How does the make "-j" option actually work?
From the man pages:
-j [jobs], --jobs[=jobs] Specifies the number of jobs (commands) to run simultaneously. If there is more than one -j option, the last one is effective. If the -j option is given without an argument, make will not limit the number of jobs that can run simultaneously.
I know it uses a graph dependency to know which rules are independent.
I would like to know how this graph is built and understand what are the criteria used.
The dependency graph is based, as one would expect, on the prerequisites listed for each Makefile target. make will build a graph where the targets and prerequisites are vertices and there is a directed edge from the prereqs to their targets. In this way the number of incoming edges tells you how many prereqs a target has. If it has no incoming edges, then it has no prerequisites.
The vertices for the .c and .h files, for example, will have no incoming edges. Those files are your source files and do not need to be built.

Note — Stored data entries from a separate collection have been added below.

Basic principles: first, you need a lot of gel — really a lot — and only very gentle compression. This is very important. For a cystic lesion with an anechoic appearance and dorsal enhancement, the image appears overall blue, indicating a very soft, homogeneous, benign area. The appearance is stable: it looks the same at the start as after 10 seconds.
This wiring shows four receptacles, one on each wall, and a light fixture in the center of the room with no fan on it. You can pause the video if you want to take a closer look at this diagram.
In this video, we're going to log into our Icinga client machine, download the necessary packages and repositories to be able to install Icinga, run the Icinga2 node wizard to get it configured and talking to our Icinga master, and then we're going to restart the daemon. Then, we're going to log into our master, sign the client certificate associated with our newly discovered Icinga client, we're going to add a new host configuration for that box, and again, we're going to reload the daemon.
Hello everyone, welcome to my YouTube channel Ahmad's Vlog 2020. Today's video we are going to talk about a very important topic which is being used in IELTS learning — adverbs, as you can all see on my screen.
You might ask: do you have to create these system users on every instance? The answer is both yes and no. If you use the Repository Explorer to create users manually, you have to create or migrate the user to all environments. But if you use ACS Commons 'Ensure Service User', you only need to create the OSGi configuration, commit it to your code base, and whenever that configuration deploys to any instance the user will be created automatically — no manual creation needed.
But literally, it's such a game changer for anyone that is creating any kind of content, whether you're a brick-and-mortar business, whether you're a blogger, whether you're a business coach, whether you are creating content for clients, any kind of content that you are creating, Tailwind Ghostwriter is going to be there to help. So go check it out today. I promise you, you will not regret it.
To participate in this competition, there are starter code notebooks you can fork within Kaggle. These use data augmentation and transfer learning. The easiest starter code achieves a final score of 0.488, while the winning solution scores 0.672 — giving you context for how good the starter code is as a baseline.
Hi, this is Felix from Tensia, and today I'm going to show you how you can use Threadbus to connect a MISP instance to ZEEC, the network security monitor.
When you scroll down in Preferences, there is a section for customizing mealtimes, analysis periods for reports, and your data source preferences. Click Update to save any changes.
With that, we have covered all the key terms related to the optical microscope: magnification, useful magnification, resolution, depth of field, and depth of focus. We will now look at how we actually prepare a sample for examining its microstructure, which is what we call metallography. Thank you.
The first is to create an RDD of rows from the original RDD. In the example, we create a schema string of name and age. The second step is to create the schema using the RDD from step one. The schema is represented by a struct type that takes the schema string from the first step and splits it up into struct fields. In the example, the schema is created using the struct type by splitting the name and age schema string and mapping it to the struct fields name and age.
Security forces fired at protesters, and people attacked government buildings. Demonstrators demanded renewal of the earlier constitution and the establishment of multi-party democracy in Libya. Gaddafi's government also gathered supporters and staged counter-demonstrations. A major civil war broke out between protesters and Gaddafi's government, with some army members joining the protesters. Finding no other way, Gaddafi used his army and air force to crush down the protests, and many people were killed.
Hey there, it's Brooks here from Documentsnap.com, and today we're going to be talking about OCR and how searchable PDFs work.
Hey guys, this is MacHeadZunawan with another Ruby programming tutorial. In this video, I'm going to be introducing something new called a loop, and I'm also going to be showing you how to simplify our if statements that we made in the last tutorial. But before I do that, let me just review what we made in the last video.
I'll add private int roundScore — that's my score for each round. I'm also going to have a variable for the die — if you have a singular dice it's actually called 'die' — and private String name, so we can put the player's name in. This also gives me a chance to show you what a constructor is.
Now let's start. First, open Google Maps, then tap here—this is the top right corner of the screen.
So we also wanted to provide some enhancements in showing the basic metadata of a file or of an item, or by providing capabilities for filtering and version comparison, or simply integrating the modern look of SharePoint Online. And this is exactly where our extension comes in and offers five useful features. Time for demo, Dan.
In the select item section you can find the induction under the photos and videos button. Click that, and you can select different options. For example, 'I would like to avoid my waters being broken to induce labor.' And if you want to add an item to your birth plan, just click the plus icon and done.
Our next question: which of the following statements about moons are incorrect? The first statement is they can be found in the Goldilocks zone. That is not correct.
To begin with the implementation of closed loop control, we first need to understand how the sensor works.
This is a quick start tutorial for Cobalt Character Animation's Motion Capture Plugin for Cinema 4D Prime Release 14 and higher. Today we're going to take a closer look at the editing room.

It then performs a topological sort on the graph to determine the order of execution. From Wikipedia:
The canonical application of topological sorting (topological order) is in scheduling a sequence of jobs or tasks; topological sorting algorithms were first studied in the early 1960s in the context of the PERT technique for scheduling in project management (Jarnagin 1960). The jobs are represented by vertices, and there is an edge from x to y if job x must be completed before job y can be started (for example, when washing clothes, the washing machine must finish before we put the clothes to dry). Then, a topological sort gives an order in which to perform the jobs.
The gist of a topological sort is to find the vertices with no incoming edges (no dependencies) and put those first. Then remove them from the graph. Now you'll have a new set of vertices with no incoming edges (no dependencies). Those are next. And so on until finished. (If you ever reach a point when there are no such vertices then the dependency graph contains a cycle, which is an error condition.)
In a typical Makefile this means you'll first build the source files (nothing needs to be done). Then the object files that depend on those source files. Then the libraries and executables built from those object files.
Under normal non-parallel operation make will simply pick a single target each iteration and build it. When it is parallel it will grab as many dependency-less targets as it can and build them in parallel, up to the number of permitted simultaneous jobs.
So when make gets to, say, the object file step, it will have a large number of vertices in the graph that all have no incoming edges. It knows it can build the object files in parallel and so it forks off n copies of gcc to build the object files.
I suspect you're expecting something more magical than there actually is here. Makefiles contain lines like:
target: prereq1 prereq2 prereq3 ...
This defines a relationship between files in the system; in graph parlance, each white-space-separated word on the line implicitly declares a node in the graph, and a directed edge is created between each of the nodes to the left of the colon and each of the nodes to the right of the colon, pointing from the latter to the former.
From there it's a simple matter of traversing the graph to find nodes that have no incoming edges and executing the commands associated with those nodes, then working back 'up' the graph from there.
Hope that helps.